Da noi questo sistema troverebbe – si potrebbe obiettare – il limite della complessa normativa privacy. Eppure, in questo caso di eccezionalità l’utilizzo dei nostri dati – esclusivamente da parte dei sanitari, rigorosamente medici e ricercatori – lederebbe meno delle chat impazzite su whatsapp di queste ore alla ricerca del “paziente 0” in ogni singolo campanile d’Italia. Ed ancora, l’app coreana non è più né meno dell’auto-segnalazione applicata dalle regioni del Sud Italia per gli esodati lombardi degli ultimi due week end appena trascorsi.

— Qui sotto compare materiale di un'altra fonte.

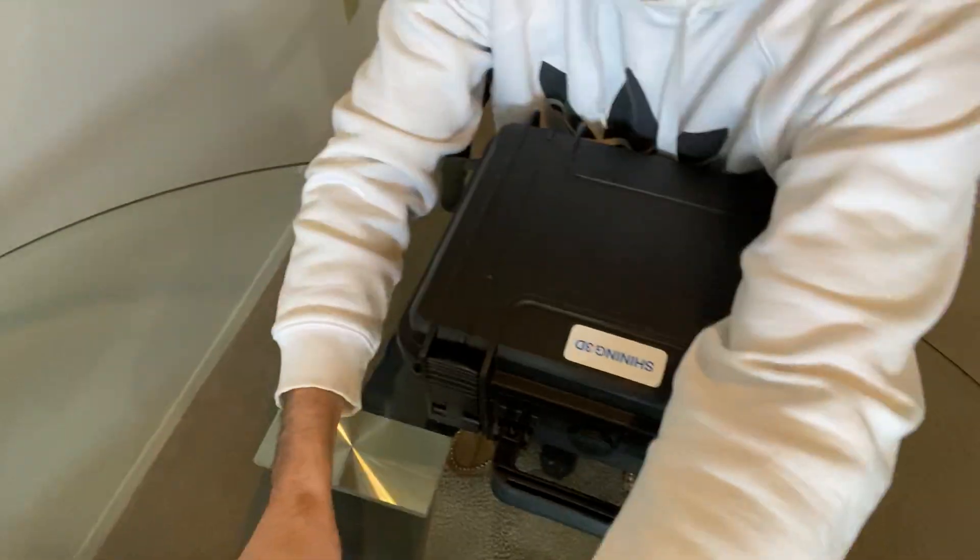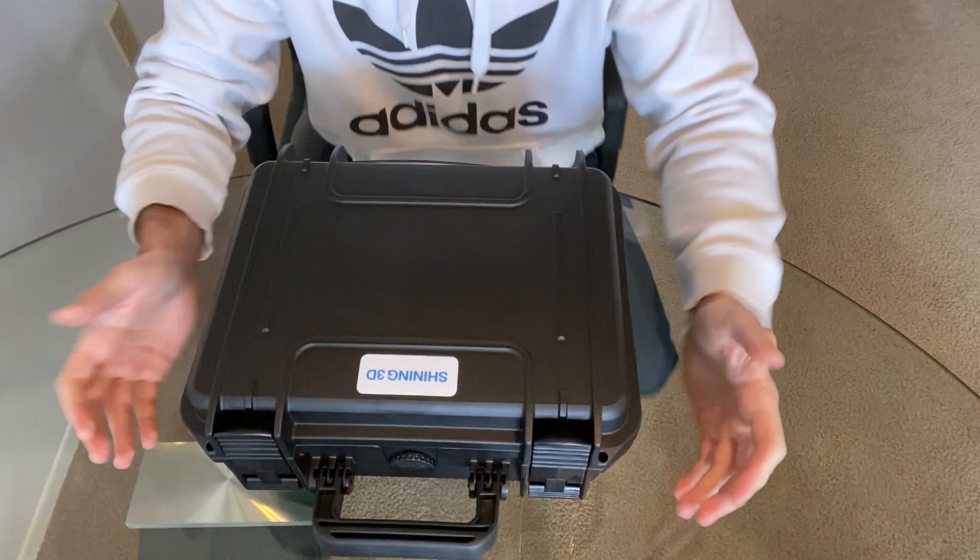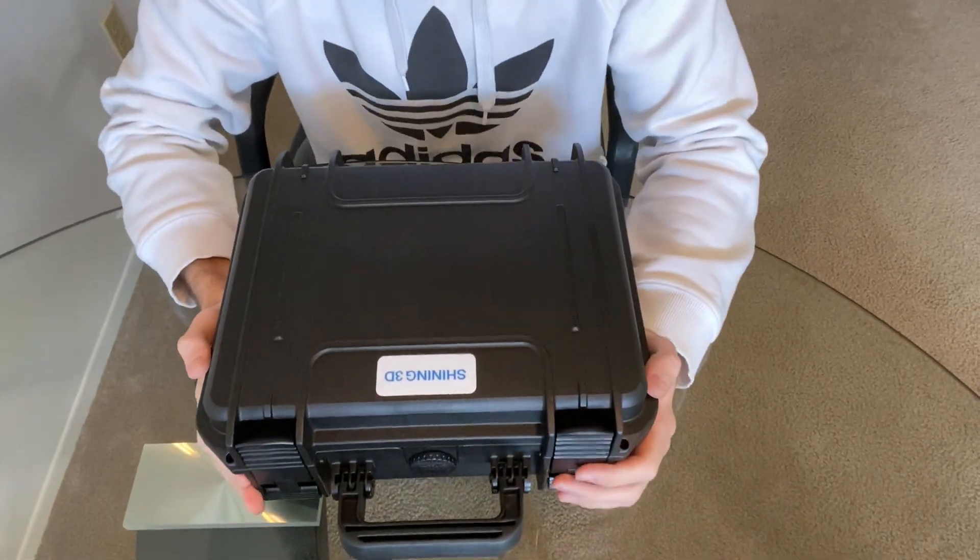Hey, what's up everybody, this is Nick with cadray.com and we're about to do an unboxing video of the Shining intraoral scanner. After you get this dropped off by us, you pull it out of the box — this is it.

Dunque, l’Italia ha le competenze (attraverso AGID) ed è in grado di tracciare digitalmente usando smart data, app e motori di ricerca – in uno stato di emergenza come quello che stiamo vivendo – i nostri spostamenti e il nostro status fisico. Come espressamente detto dal professore Carlo Alberto Carnevale Maffè, della School of Management della Bocconi: “Senza cambiare i processi di testing e contact tracing a monte, imporre il lockdown al paese è non solo inutile, ma anche dannoso per salute ed economia. Dobbiamo ricominciare da capo, e imparare da chi ha fatto meglio di noi”.
Al decisore pubblico il potere di attivare il sistema 2: cognizione analogica e digitale. Azione rapida, test approfonditi e monitoraggio incessante. Le informazioni non verrebbero sfruttate per imporre la quarantena, ma servirebbero per ricostruire la mappa degli spostamenti degli infettati, monitorare attentamente i casi per trovare i punti in comune che li collegano e impedire l’effetto biglia: una biglia contagiata ne colpisce altre due e così via. Del resto, come ci insegna Carlo M Cipolla nel suo “Il pestifero e contagioso morbo”, dalla cattiva yersinia pestis del 1348 nascono grandi opportunità. In quella pandemia per contrastare la peste i principali Stati dell’Italia settentrionale avevano sviluppato un sistema di sanità pubblica basato su speciali magistrature che combinavano poteri legislativi, giudiziari ed esecutivi (di qui il titolo di magistrature). Nel nostro caso, invece, abbiamo necessità – in pieno lockdown – di una governance e di un management pubblico dei nostri dati e all’altezza della pandemia odierna.